We’d like to keep an eye on efforts by  Transportation Secretary Ray LaHood efforts to coordinate safety programs for oil and gas pipelines — currently a morass and a welter tied up in a Gordian knot. We’re not optimistic that the initiative will accomplish much on its own, but it may serve to highlight the antagonisms of transmission companies on the one hand and federal, state, and local authorities on the other, and let’s not forget about us.

Mr. LaHood said he had met with the executives of major natural gas companies to discuss better surveillance of pipelines and a new replacement schedule.

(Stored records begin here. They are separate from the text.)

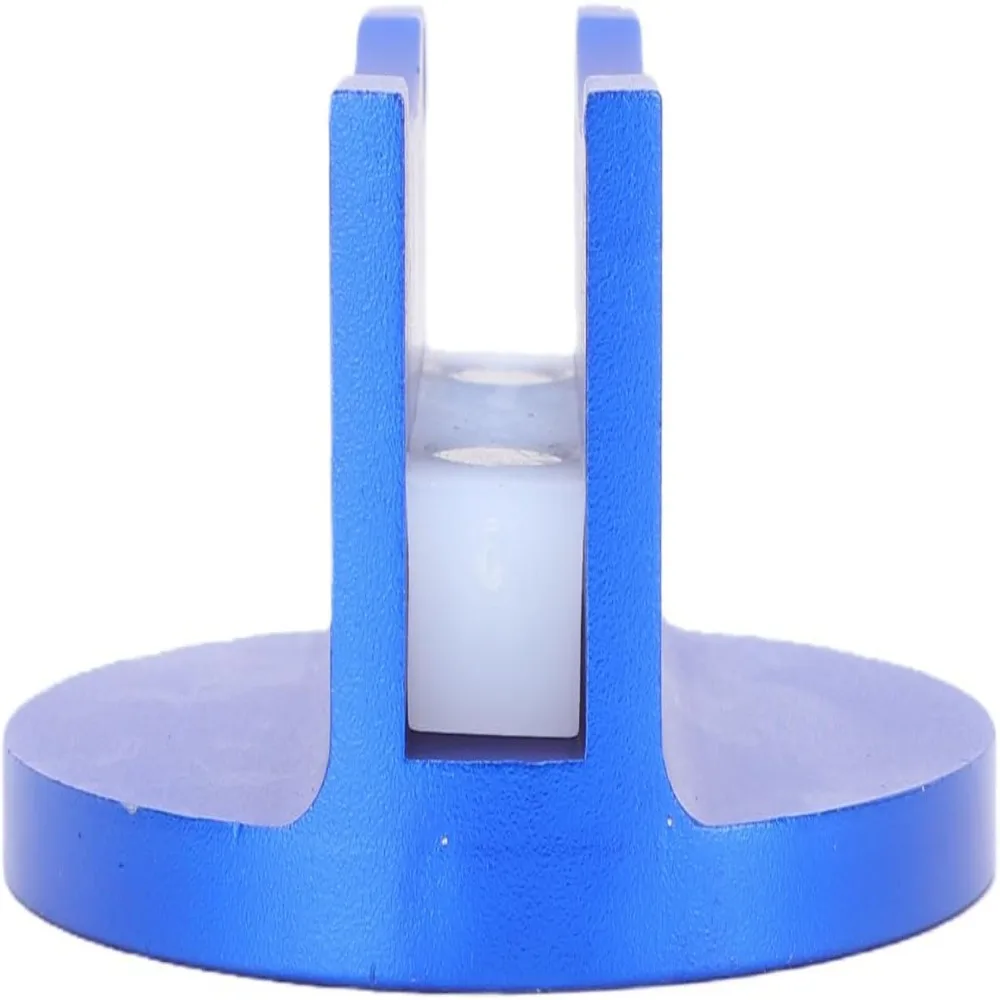 2pcs Universal Fit Magnetic Jack Pad Slotted Design Strong Construction Grooved Jack Pad Pinch Weld Jack Pad For Car Repair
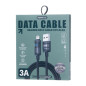 Câble USB-A/Lightning REMAX C01-AL3A – 15 W 1,2 m Noir Câble USB-A/Lightning REMAX C01-AL3A – 15 W 1,2 m Noir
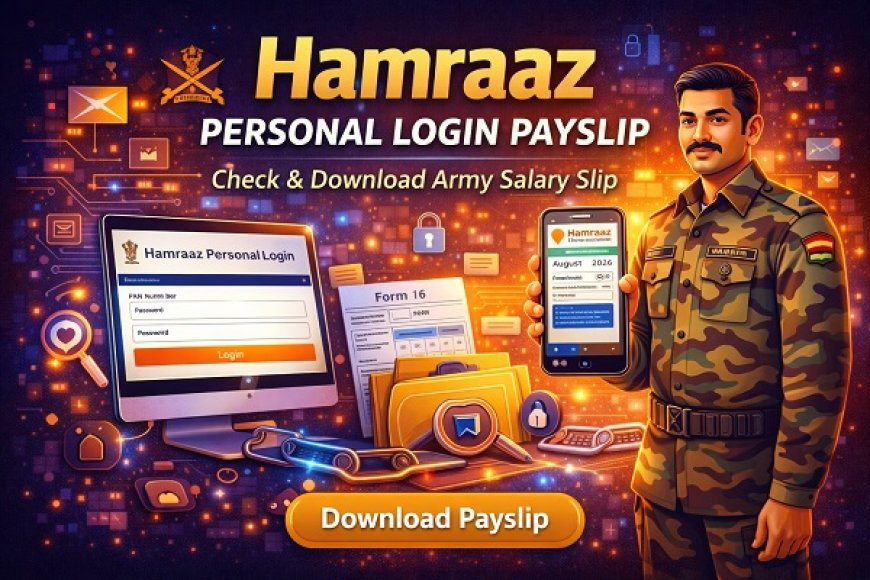 Hamraaz Personal Login Payslip 2026: Check Army Salary Slip Online
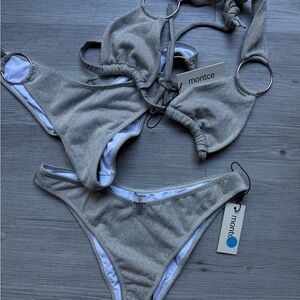 Montce Shimmering Gray Bikini Set
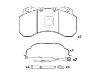 Plaquettes de frein Brake Pad:5001 857 615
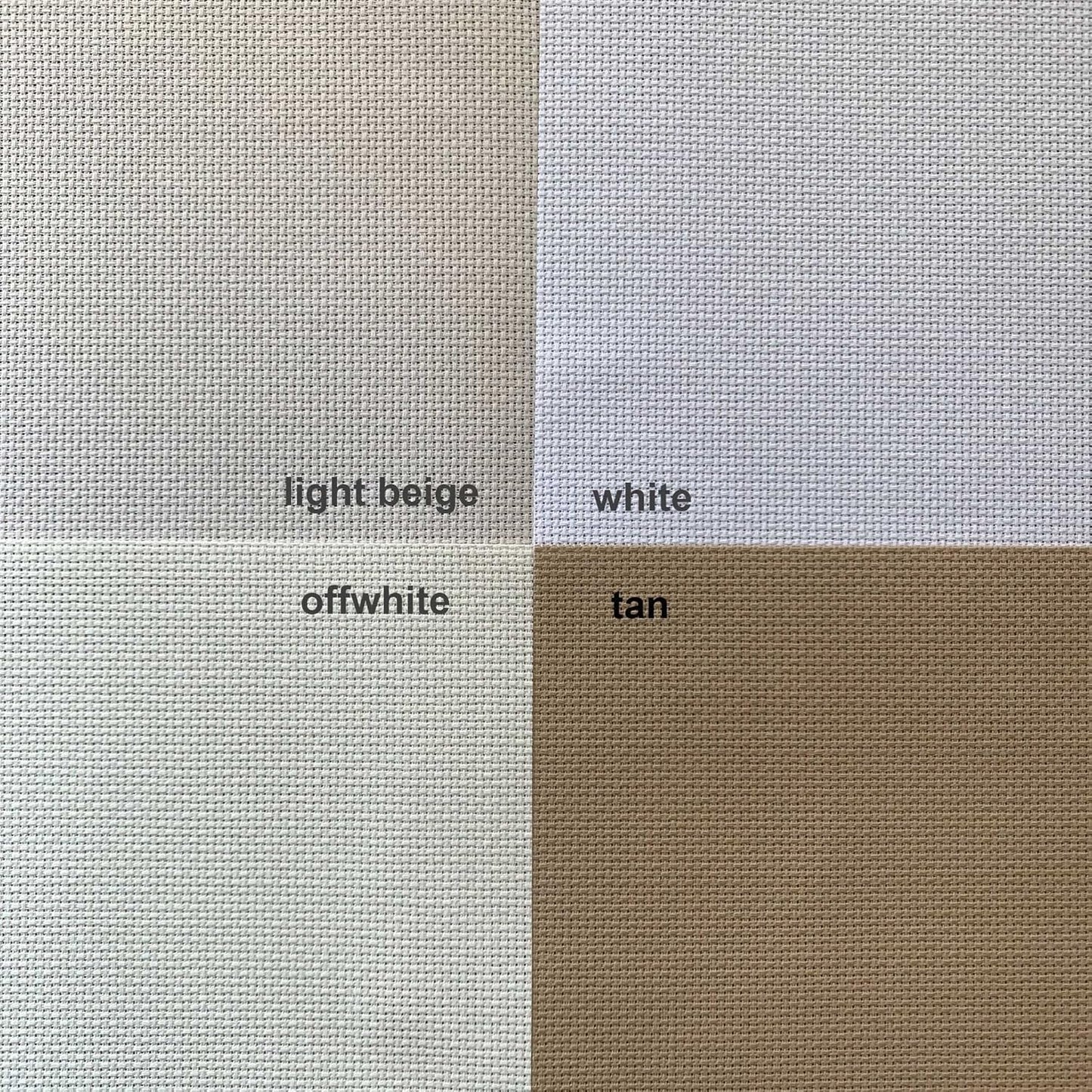 Aida Cloth 14 Count Cross Stitch Fabric,19×28inch (14CT, Tan)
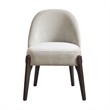 Oslo Contemporary Modern Chenille Wood Side Chair in Taupe - Set of 2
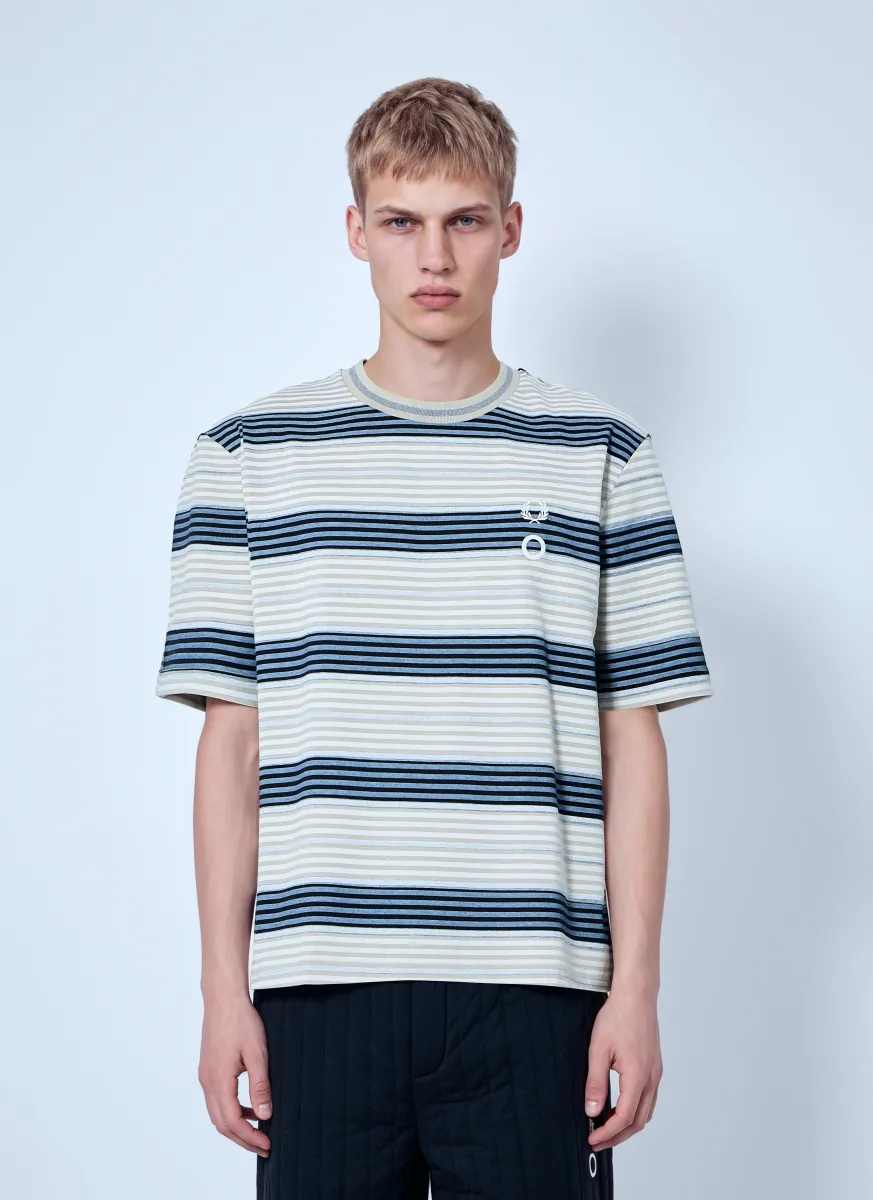 Striped Overprint T-Shirt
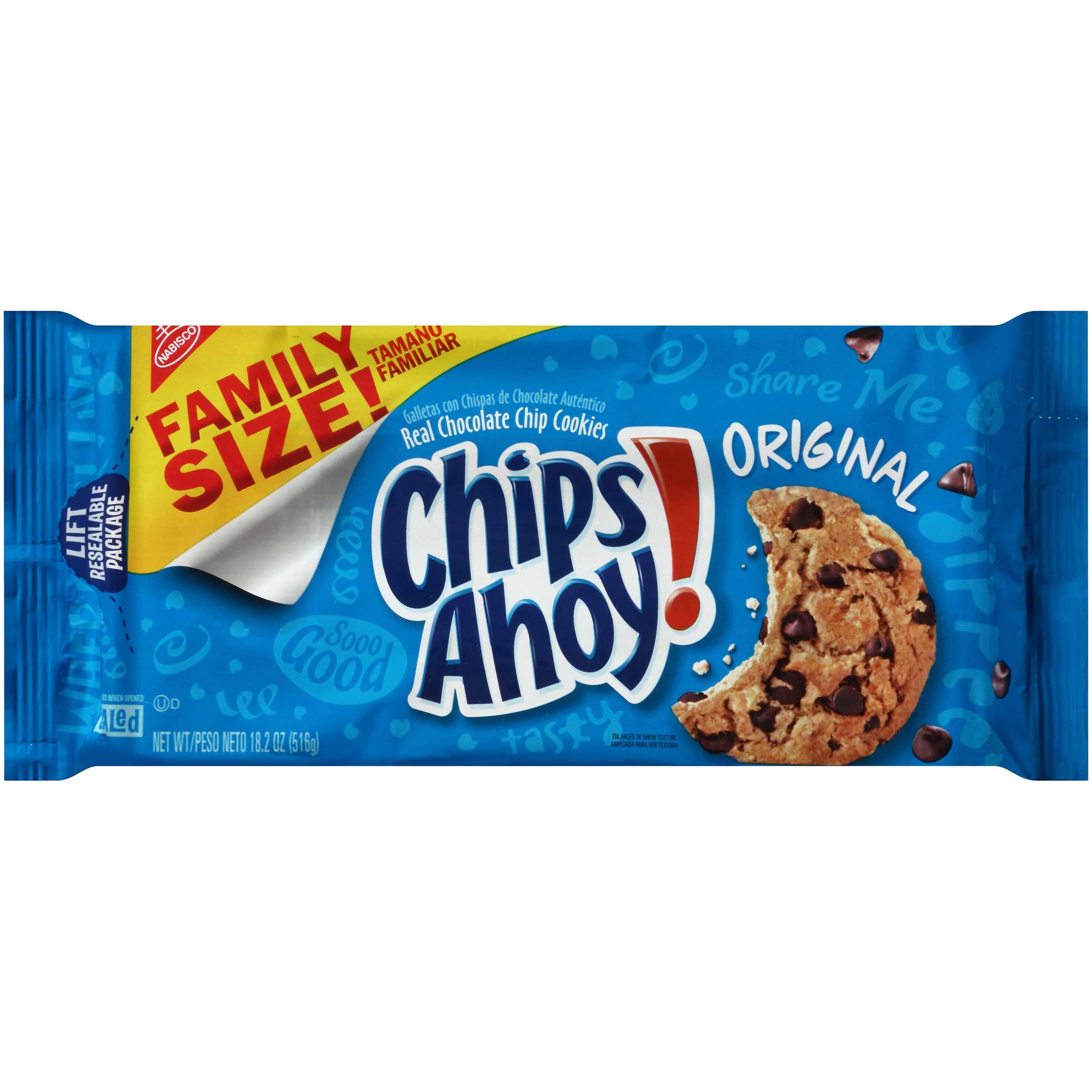 Chips Ahoy Original Real Chocolate Chip Cookies, 18.2 Ounce -- 12 per case.
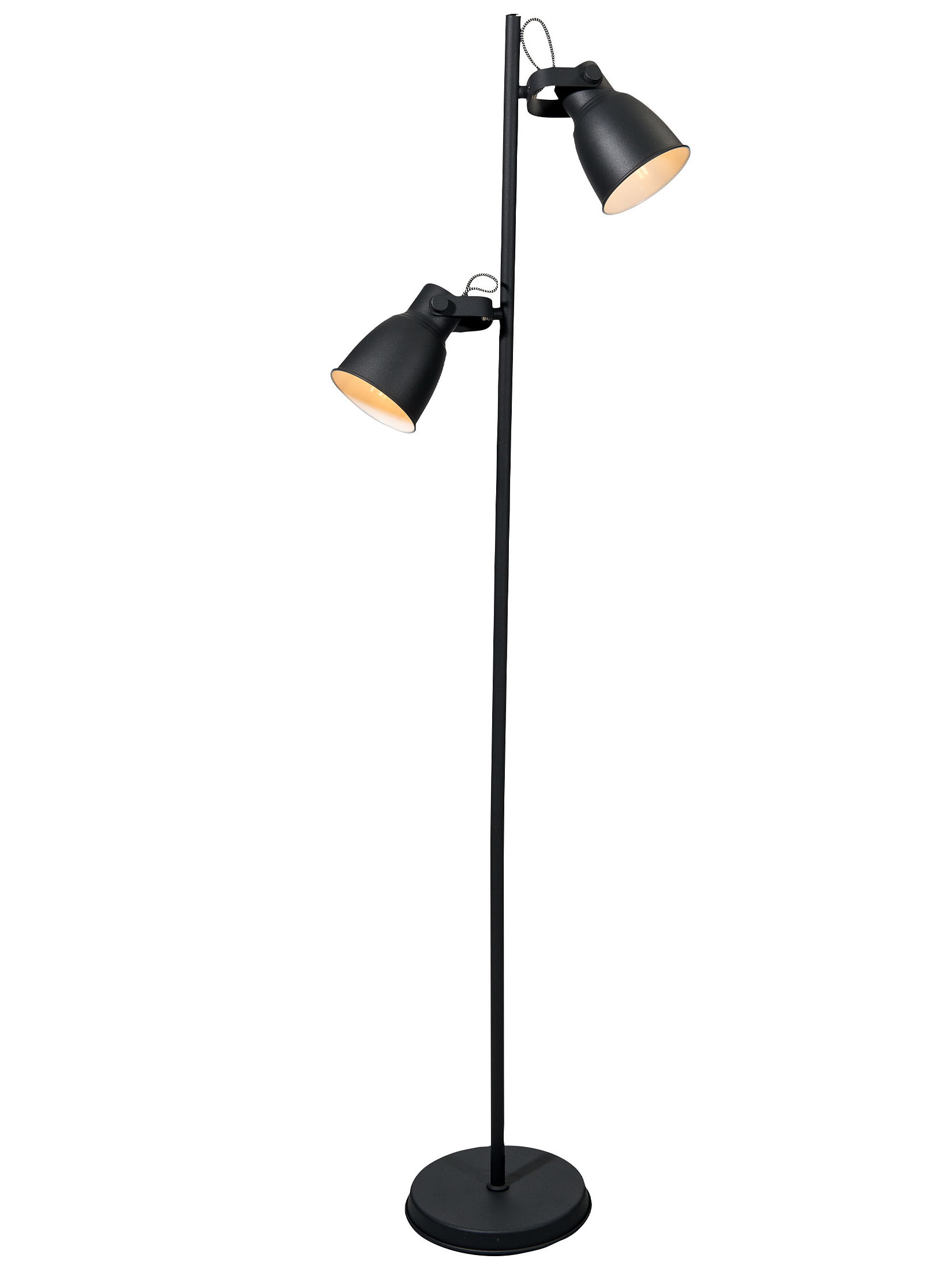 Timelessi Standleuchte, Sand Black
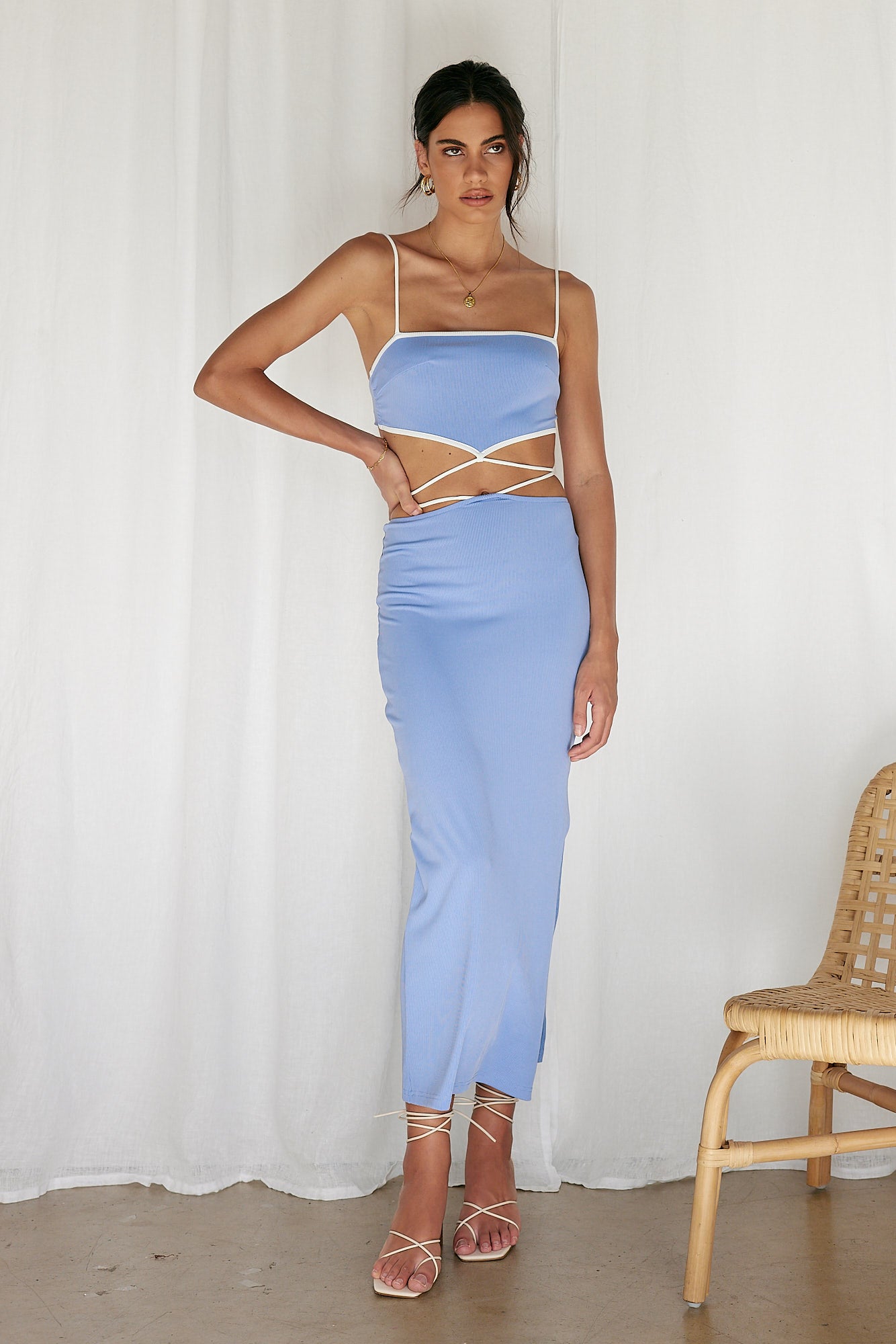 To Be Yours Maxi Skirt Blue-Seaa Fashion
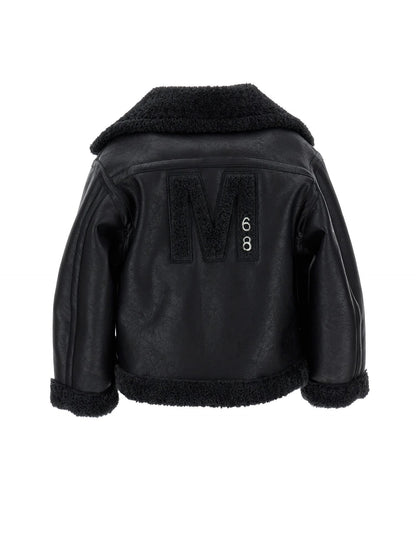 Plush aviator jacket
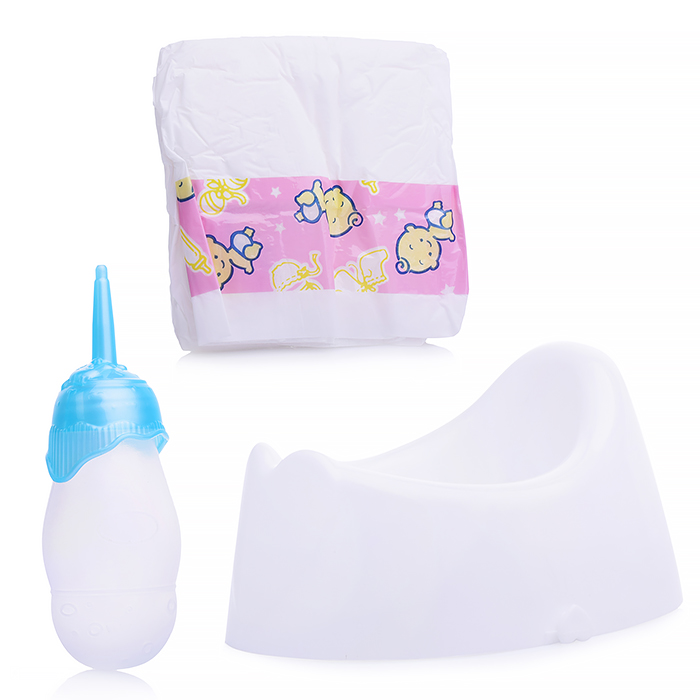 Фото к товару Пупс SR098 с аксессуарами, в коробке Пупс SR098 с аксессуарами, в коробке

Cynthia L. Quarterman, the administrator of the Pipeline and Hazardous Materials Safety Administration, said her office did not have the authority to order replacement of pipes unless it found an “imminent hazard.” And, she said, pipes only had to be “fit for service.”

“There is no hundred-year deadline for any piece of pipe,” she said, although companies “have to assure it’s been operated and tested appropriately.”

But Mr. LaHood said “the point of this is to get everybody around the table and say, O.K., another 100 years in the ground is not going to cut it. We’re trying to work with all the stakeholders to reach a conclusion.”

Mr. Swift, of the Natural Resources Defense Council, said: “Part of the problem is there hasn’t been a focus on the replacement schedule, what we do with these 50 or 70 years down the line. People are aware it’s aging, but it’s a process we didn’t plan for gracefully.”